Netflix's Earnings Could be Pivotal
Netflix (NASDAQ: NFLX) is expected to report earnings for its fourth quarter after the bell on Wednesday. Consensus analyst estimates call for a loss per share of $0.60 on revenues of $934.37 million.
The earnings report will likely be significant if for nothing other than the move shares have had over the last few months. Since September, shares have nearly doubled, trading up from about $53 to around $97 on Tuesday.
Most of the move might have been based largely on a shift in sentiment.
Legendary activist investor Carl Icahn took a near 10 percent stake in the company and vowed to see it sold. Critics have compared Icahn's Netflix investment to his once failed experiment with Blockbuster. Still, Icahn believes that Netflix's service would offer great value to another company.
Janney Montgomery Scott's Netflix analyst Tony Wible made headlines last week when he turned positive on the stock, upgrading it to a Buy from a Neutral. Wible had been a critic of Netflix for years.
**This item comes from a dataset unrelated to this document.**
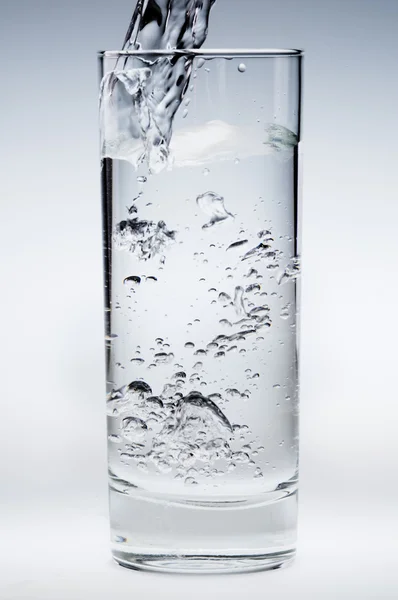 Hälla vatten ström i ett glas — Stockfoto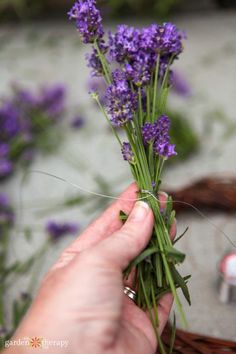 someone is holding some flowers in their hand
Wible built his bull case on the recent deal with Disney (NYSE: DIS) that will give Netflix Disney content in the future. He stated that the deal with Disney might be used to facilitate deals with other content providers, including Sony (NYSE: SNE).
Wible argued that this might be indicative of a broader shift in the content universe, where as Netflix pulls subscribers from traditional cable providers, the content providers themselves are more likely to give Netflix favorable deals.
Wible also cited the broadly bearish sentiment (Netflix has a short interest near 25 percent) and competition that was largely overhyped.
Not everyone agrees with Wible, however.
Eric Wold, B. Riley & Co.'s Netflix analyst, has a Sell rating on the stock and a $45 price target. Wold believes that the stock could drop after earnings.
Wold told Benzinga he was concerned with the company's content costs. In contrast to Wible, Wold believes that the Disney deal could burn Netflix shareholders, who might even have to sit through some capital raises.
“When Netflix lost their deal with Starz, they downplayed the importance of Disney,” Wold said. “Netflix said Disney was only about 2 percent of streamed content.”
Michael Pachter of Wedbush is also skeptical of Netflix's content costs. He has an Underperform rating and $45 price target on Netflix.
“Why was everyone so dismissive when they lost Starz?” Pachter told Benzinga. “Starz was Disney plus Sony plus original content. Now they are getting back Disney, but paying more for it.”
Still, Pachter doesn't believe this quarter will be one for the bears to celebrate. “[Netflix] could go up after earnings. But it's still a house of cards.”
Shares of Netflix traded near $97 on Tuesday, down about 2 percent.